Exercise inputs section start

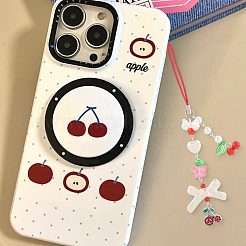 Наборы для самостоятельного изготовления ремешка для мобильного телефона в виде вишневого шарма&nbsp;DIY-SC0030-85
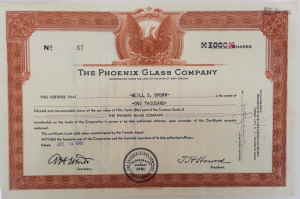 Aktie The Phoenix Glass Company 42d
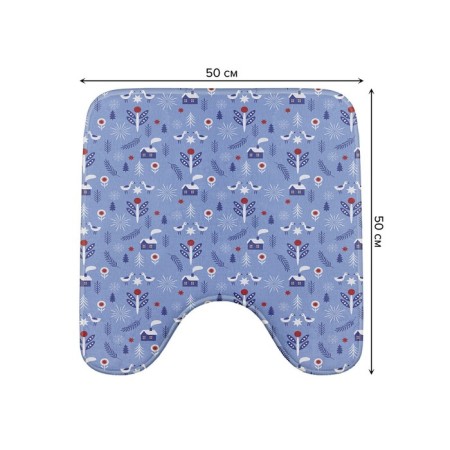 Winter evening toilet rug, anti -slip, size 50x50 cm-1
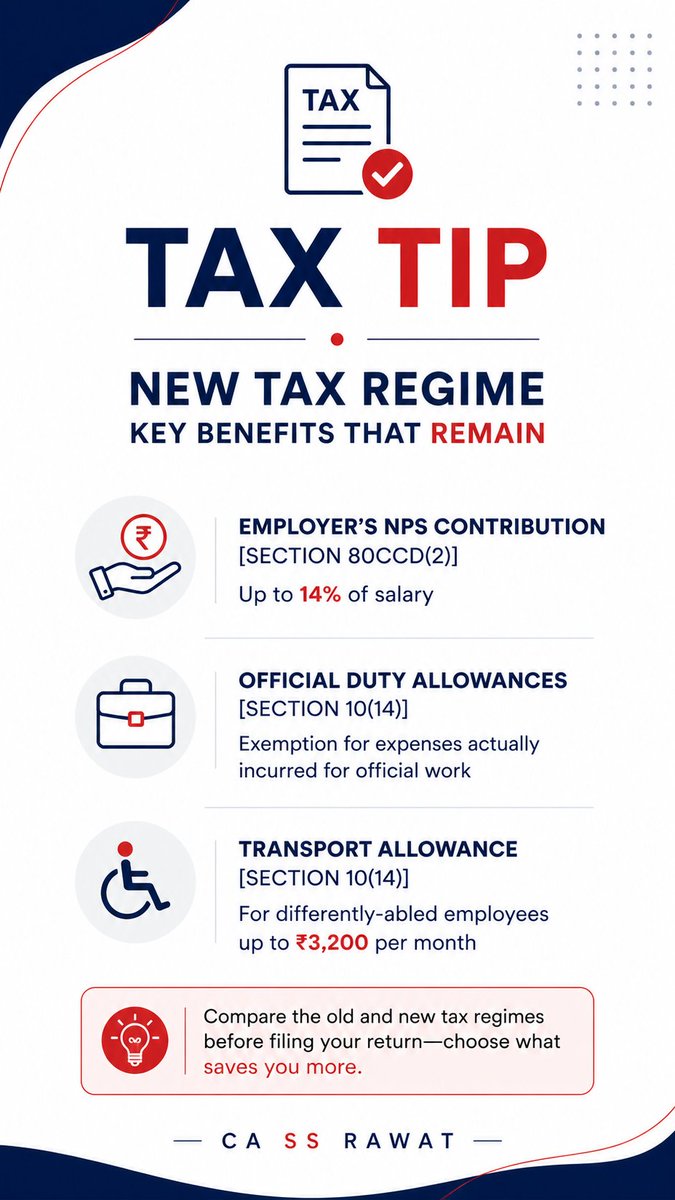 cassrawat's tweet photo. #IncomeTax #NewTaxRegime #TaxPlanning #CASSRawat #TaxTips #NPS #FinanceKnowledge https://t.co/LtWf3CCR8C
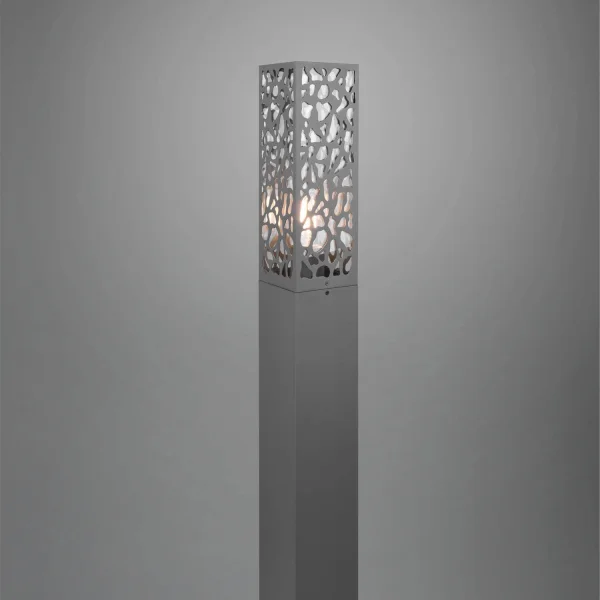 PÓLO EXTERIOR DE AÇO ANTRACITE E27 IP44 100 CM JACARANDA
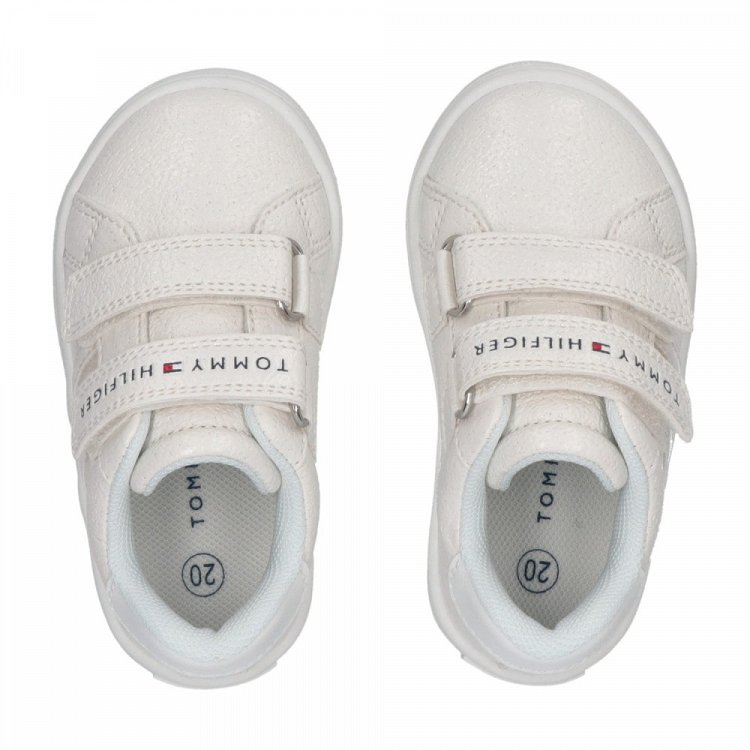 Tommy Hilfiger Παιδικό Sneaker T1A9-33726-0375 Λευκό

Exercise inputs section end

Exercise description -> Where a record holds a picture, skip the picture and copy everything else exactly.

Task output ->
 Наборы для самостоятельного изготовления ремешка для мобильного телефона в виде вишневого шарма&nbsp;DIY-SC0030-85
 Aktie The Phoenix Glass Company 42d
 Winter evening toilet rug, anti -slip, size 50x50 cm-1
 cassrawat's tweet photo. #IncomeTax #NewTaxRegime #TaxPlanning #CASSRawat #TaxTips #NPS #FinanceKnowledge https://t.co/LtWf3CCR8C
 PÓLO EXTERIOR DE AÇO ANTRACITE E27 IP44 100 CM JACARANDA
 Tommy Hilfiger Παιδικό Sneaker T1A9-33726-0375 Λευκό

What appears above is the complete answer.